Chapter 2 everybody! come on, i didnt think i was so bad that i cant seem to get any reviews. Well, here the next chapter. dont kno when chapter 3 will be coming. havent started it yet. but enjoy this one.
Chapter 2 ---present
My mind is reeling. I'd like to believe that it was the tens of hundreds of thousands of people styling my hair. I really would. But I know better, or wish I did anyway. The question is there. The decision still lurking. But the choice or answer I seek is still behind shadows.
Shadows put there by sheer and utter confusion. Who is good and who is evil? Am I evil? Is that why I'm being put through this torture! Is there anyone who can answer me? Anyone at all….
I feel myself being lifted, figuratively mind you. There was always one person who could answer my questions. He could and if he couldn't then he'd match me with the same amount of questions. He helped me when no one else would. Stayed where everyone else ran. With him there was no choice, I knew the answer. I can see clear as day. But right now there is a seed a doubt that is forming, clouding all judgment.
My head feels as if it is being stuck with a thousand pins. Oh right, it is. Ha! Imagine that. Golden locks being pulled tightly away from my face. Hot curling irons curling my long locks. My body, or more accurate, my head surrounded and suffocated by cans of hairspray. Blow dryers aimed at my face. Why? Who knows?
I wish that there was only one person working on me so then it would take longer to get ready. Longer readying time means more time before I have to go up in front of all those people to give my decision. More time, that's what I need. More time. But how….
-- Two weeks earlier
Still at my dad's house. Sometimes I find myself thinking that maybe life here isn't as bad as I took it the first day. But then I realize what I was just thinking and kick myself for even considering it. It's like, it's like…. It's like God thinking that Hell could be called home. It just doesn't work. Never will. If Mom were here then maybe, possibly, it could be considered home and good. But she's not, so it isn't. It never will be. Home was back in Florida with Mom before she got cancer and that's where home will always be.
Since I came to this godforsaken (and cold!

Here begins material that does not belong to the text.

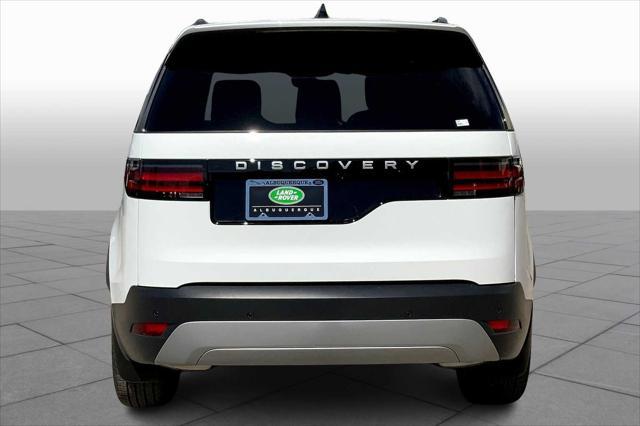 new 2025 Land Rover Discovery car, priced at $64,725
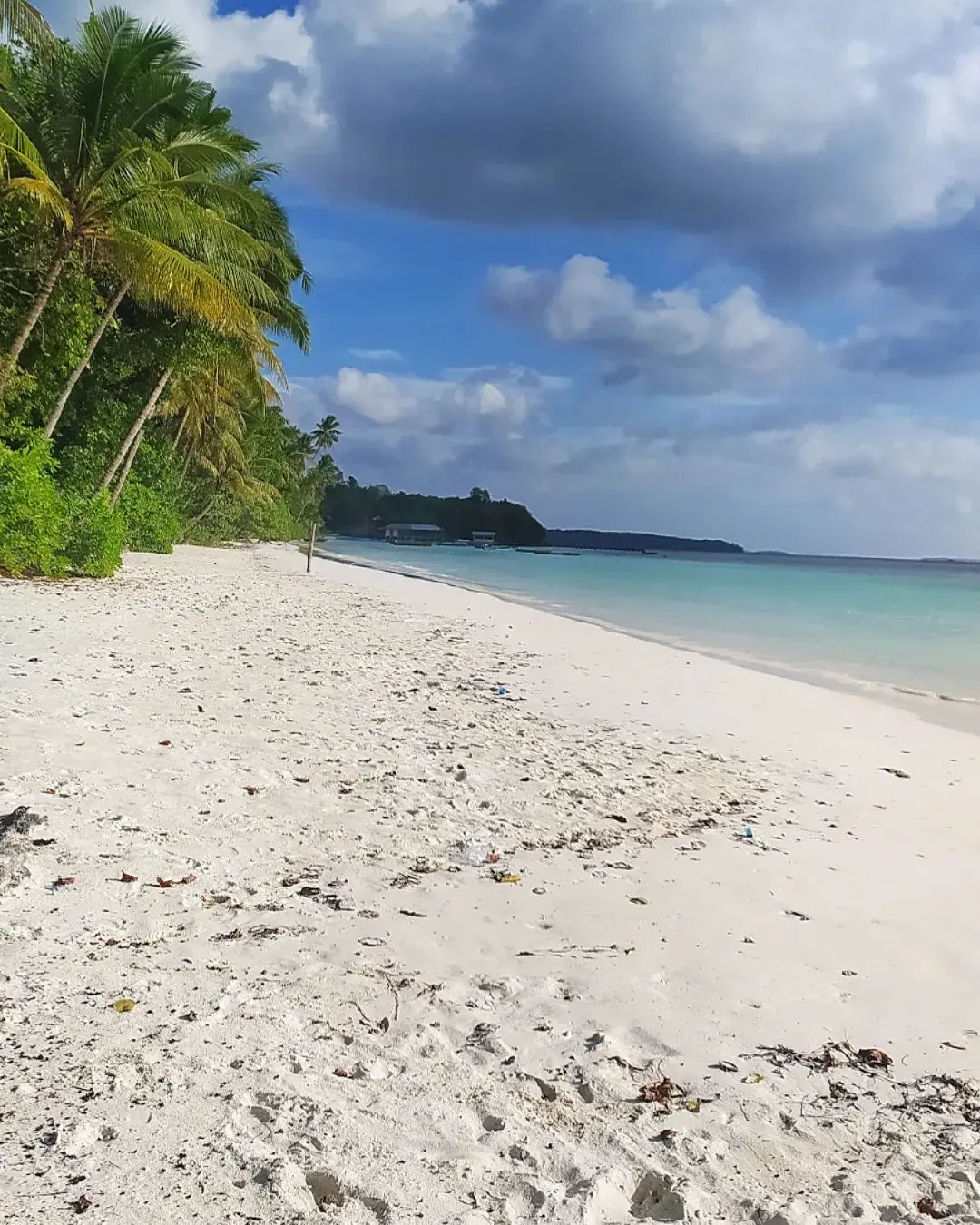 Pantai Ngurbloat Desa Ngilngof Pulau Kei Maluku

Did I mention cold!)place, I have spent much time locking in my room. Not because I'm in trouble (yet), I don't spend enough time with my dad to get in trouble. But because I don't want to meet anyone here. Stupid Pennsylvania.
A little smile formed on my lips. Hmmm…How about a little music? Mom and I always just listened to Broadway show tunes so, consequently, all I own are show tunes. The best part is that Dad (yes, I have decided to call him that) hates show tunes with a passion. Not that he ever told me, but the clenching of hands and grinding of teeth was a clear enough sign. Wicked, Les Mis, 42nd Street, Dirty Rotten Scoundrels, Anything Goes, Phantom…. So many choices. Well, Anything Goes always gets stuck in people's heads.
Laughing to myself, I get the cd, put in the player and adjust the sound. The door and windows in my room have been left open just for this. I hear the machine whir to life and press the PLAY button.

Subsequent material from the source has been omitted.